The last Mughal emperor Bahadur Shah Zafar ordered Nawab Saiyad Hamid to prepare a special army of 500 men. He also mentioned that there should be only noble and brave castes like Sheikh, Saiyad and Pathan. People of Razil caste (low caste) should be kept away from this.
The Saiyads were privileged throughout the Muslim rule and were not given capital punishment. The reign of Ghiyasuddin Tughlaq and Muhammad bin Tughlaq was an exception, during their time many Saiyad Sufis and other Saiyads were sentenced to death. Muhammad bin Tughlaq, whose original name was Jauna, after whom Jaunpur was named, had appointed so-called lower caste Hindus and Muslims to the administration on the basis of their merit.
In the changing situation and scenario, after the arrival of the British, the Ashraaf Muslims played the game of two-nation theory, Khilafat movement and even the partition of the country just to maintain their power and dominancy.
Throughout this period, the indigenous Pasmanda Muslims were kept in the illusion of religion and religious unity by the Ashraaf class. However, the first Pasmanda movement under the leadership of Asim Bihari strongly opposed Muslim communalism, casteism and the two-nation theory and continued to oppose the partition of the India till the last. The remaining Ashraafs in post partition India, maintained their power and dominancy through the Congress’ policy of Muslim appeasement and organisations such as the Muslim Personal Law Board.
Commissions constituted from time to time such as Kaka Kalelkar Commission, Mandal Commission, Ranganath Mishra Commission and even the Sachar Committee has accepted the caste and caste-based discrimination in Muslim society. Since the implementation of Mandal Commission, the Indic Pasmanda Muslims are getting the benefit of reservation in education and government jobs, due to which the condition of Pasmanda Muslims is showing improvement as compared to earlier.
If we look at the number of Muslims representatives of the Lok Sabha members so far, it is found that Ashraafs have received more than double the share of their number, while pasmanda is equal to almost ‘nil’ in proportion to their population. The situation is more or less the same in assemblies of states, Municipalities and Panchayats. Like the legislature, the representation of the Pasmandas in the judiciary, bureaucracy and the institutions running in the name of minority and Muslim are minimal as per their population. It should be noted that the population of indigenous Pasmanda is 90 per cent of the total Muslim population.
Here one thing is also very strange that even in the institutions run by Muslims themselves who claimed to be the representative body of whole muslims like Muslim Personal Law Board, Jamat-e-Islami, Jamiatul Ulema, Milli Council, Majlis-e-Mashwarat, Waqf Board, important madrasas, Imarat-e-Sharia etc, the situation is no different, here too only people from a few special Ashraaf families are seen.
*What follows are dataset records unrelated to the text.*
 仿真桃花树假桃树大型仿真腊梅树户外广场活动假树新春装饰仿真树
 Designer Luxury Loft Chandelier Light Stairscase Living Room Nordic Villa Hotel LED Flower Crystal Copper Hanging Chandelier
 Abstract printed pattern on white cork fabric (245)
And perhaps this has been a big reason why various Pasmanda movements fighting for social justice in Muslim society have been more vocal about representation in these institutions.
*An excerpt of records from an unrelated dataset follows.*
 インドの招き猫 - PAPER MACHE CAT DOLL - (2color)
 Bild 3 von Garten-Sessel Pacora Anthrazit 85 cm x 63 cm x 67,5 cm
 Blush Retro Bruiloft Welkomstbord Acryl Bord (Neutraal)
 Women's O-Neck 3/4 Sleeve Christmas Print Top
It is clear from the above description that Ashraaf has been protecting his own interest only by showing the mass of Indic Pasmanda Muslims in the name of Muslim and minority politics of religious identity.
Various Pasmanda organisation active across the country have openly opposed it, considering the untouchability, caste feeling of upper-lower, casteism prevalent in Muslim society as an evil and considering it as an obstacle in nation building.
There is an urgent need for the people of ruling and the opposition parties, intellectuals, social workers and media persons to think and understand that the Muslim society is also divided into different stratum like caste and class and this distinction is deeply ingrained in them even more than the Hindu society.
Therefore, it would be justified to talk about the representation of Pasmanda, not just the representation of Muslim only.
(Writer is an author, translator, researcher, columnist, media panelist, social activist and a physician by profession.)